Le parole della Raggi si traducono in un appello alla disperazione, così come quello di questo Governo in cui si percepisce il timore del fallimento di Roma e dell’Italia; disperazione tangibile nella disponibilità a qualsiasi forma di soluzione pur di poter riuscire a sbandierare effimere risposte al problema.

Il lasciare ampio spazio di discrezionalità nella scelta dell’affidamento di un appalto che deriverebbe dal taglio netto della burocrazia, coniugando questo taglio alla capacità di contrastare la crisi a cominciare dall'usura e paragonare ciò alla lotta che la giustizia della Repubblicana Italiana ha fatto ai Casamonica e perdipiù indossando lei la maschera della paladina, per esempio, significa stravolgere la realtà a favore proprio di chi si dovrebbe combattere.

In quattro anni di amministrazione la Raggi ha bruciato quelli che erano gli strumenti conosciuti da tutti per la lotta alla corruzione: mi riferisco alla partecipazione, alla trasparenza ed alla professionalità, elementi imprescindibili per produrre progettazioni di qualità. Strumenti, quelli della partecipazione, trasparenza e professionalità sbandierati per acquistare consensi elettorali, convogliati, poi invece nell’opacità.
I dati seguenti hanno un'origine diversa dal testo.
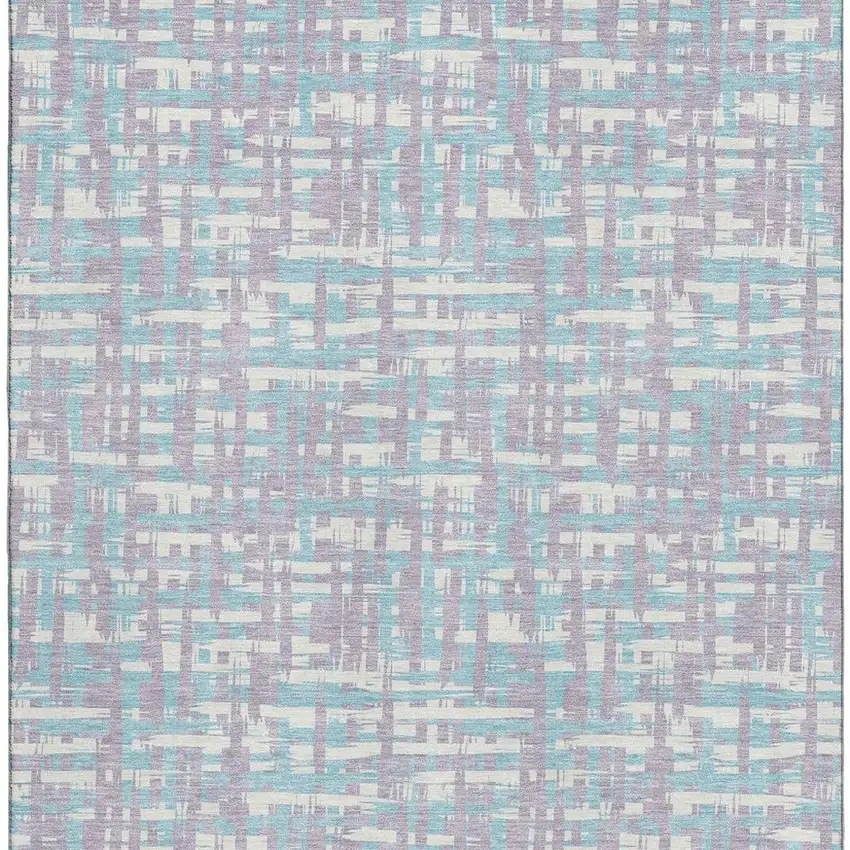Lavender Ivory And Aqua Abstract Geometric Washable Area Rug With UV Protection Photo 3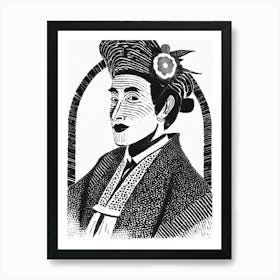 A Portrait Of A Kabuki Actor In Full Costume Ukiyo-E Style Art Print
La sintesi di questa opacità le ritrovo nel cassetto dei ricordi quando Bonafede, l’odierno Ministro della Giustizia, allora parlamentare Cinque Stelle sosteneva, mentre mi redarguiva in Campidoglio per un mio post dal titolo “Stadio sì, ma nella legalità”, che: “questa Giunta (la giunta Raggi n.d.a.) stesse valutando tutte le opzioni possibili (per la realizzazione dello Stadio della Roma n.d.a.) nella maniera più riservata possibile perché dall’altra parte ci sono dei mostri”. A quella riservatezza allora non ero riuscita a darle un nome o un volto.

Mi chiedo, oggi, quale sia il ruolo della Raggi ora, sindaco di una Roma che, nonostante lo sfacelo in cui versa, è l’unico baluardo rilevante del Movimento 5 Stelle per rimanere in sella ed è anche l’unico soggetto che può offrire una giustificazione, una parvenza di veridicità, legata alla opportunità di ascoltare le esigenze di un territorio importante quale la Capitale, per stravolgere le regole. Se rimarranno in sella questi cavalieri, che cavallo montano inconsapevolmente? Quello di Troia? La semplificazione amministrativa agevolerà l’entrata delle nuove mafie, quelle delle nuove generazioni, istruite, laureate, passate dalle stalle alle stanze con i bottoni.